言葉のかたち
《 お題 》
『あげられない』を最初に使ってSSを書いてください。
【礫】
あげられない言葉を丸めて壁に叩きつけた。
パンと弾けて砕けて落ちる。
粉々になった言の破片は、粒子になってきらきら光る。
決して溶けることなく、混じり合うことなく漂う言の波。
意味をなさない音になっても、ただそこに在り、光り続ける。
掛けられた想いを反射して。
時の狭間に揺蕩い移ろう。
《 お題 》
今日のお題は……『メモ』『晴天』『夜』
Lets 創作
#三題話から
【メモ】
「すぐに戻る」の走り書きを、何度も何度も繰り返して読んだ。
晴れ渡る空は今日も青く、果てしなく遠い。
幾千幾万の昼と夜を繰り返しても、もう戻って来ないあのひとを、
何故か未だに待ち続けている。
ただ残された僅かな言葉を信じている。
インクの色が褪せ、紙の色さえ黄ばんでしまった今となっても。
《 お題 》
『気持ちいい』を最初に使ってSSを書いてください。
【美食】
気持ち良い文章は、美味しい料理に似ている。
香りを吸い込み、舌で転がし、噛み砕き、
その食感を味わい尽くす。
咀嚼する音に恍惚としながら、
嚥下し腹に収める時の喉越しがまた堪らない。
冷たく、熱く刺激する。
五感で堪能する命の糧。
だがその逆もまた然り。
腹を壊すような文章は、残念だが頂けない。
《 お題 》
今日のお題は……『砂漠』『時間』『ナイフ』
Lets 創作
#三題話から
【砂漠】
僅かな風に舞う砂塵のように、
虚ろな言葉は蒼穹に浮く。
悠久の時が作り上げた真砂のような、
数多の言葉が景色を作る。
時に美しく形を整え、昼の金、夜の銀に照らされて。
時にその砂塵は風に翻弄され嵐となり、ナイフとなって胸を裂き。
やがて語り得ぬ言葉を呑み込み、粒子に還す寂膜の砂漠。
《 お題 》
〔恋を忘れて〕です。
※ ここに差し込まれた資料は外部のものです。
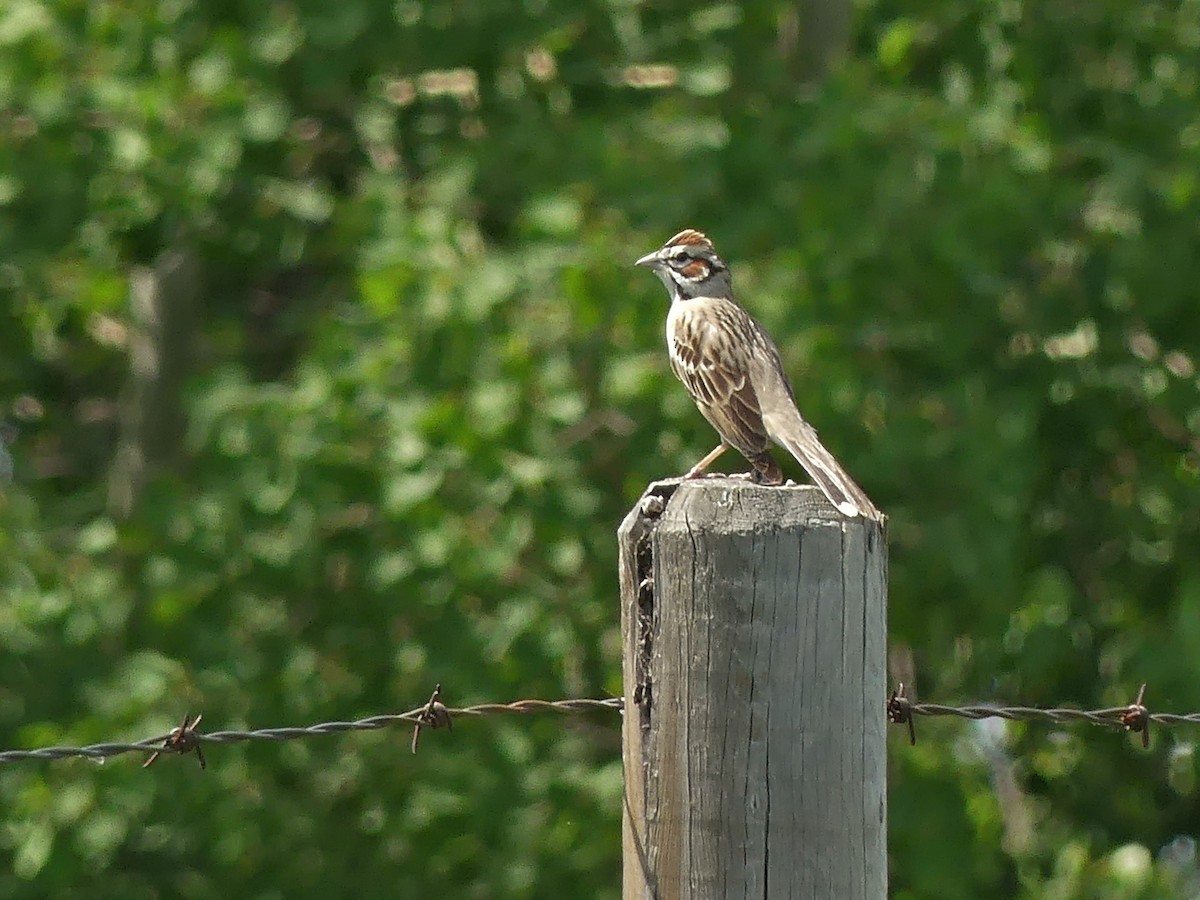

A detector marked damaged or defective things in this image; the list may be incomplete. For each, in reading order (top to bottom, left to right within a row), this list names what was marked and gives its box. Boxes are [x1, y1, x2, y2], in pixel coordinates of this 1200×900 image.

rusty wire [0, 696, 624, 768]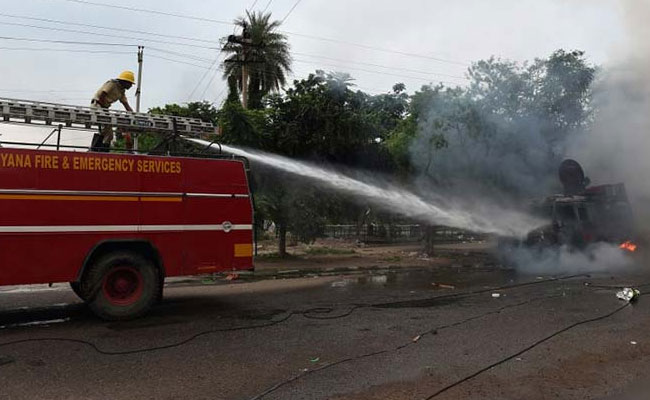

〔三人称(彼、彼女等)の使用禁止〕かつ〔キーワード「朝日」必須〕で書いてみましょう。
【朝陽】
昇る朝日が夜を払い、我がもの顔であなたを追いやる。
もしも私に翼があるなら、自ら羽ばたき追いかけるのに。
残念だけど、それは無理。
この地に縛られた私には籠を破る手すらない。
だからせめて、この寿ぎを朝露を生む淡光に託し放ちましょう。
恋を忘れて、約束を捨て、どうぞ生きて永らえて。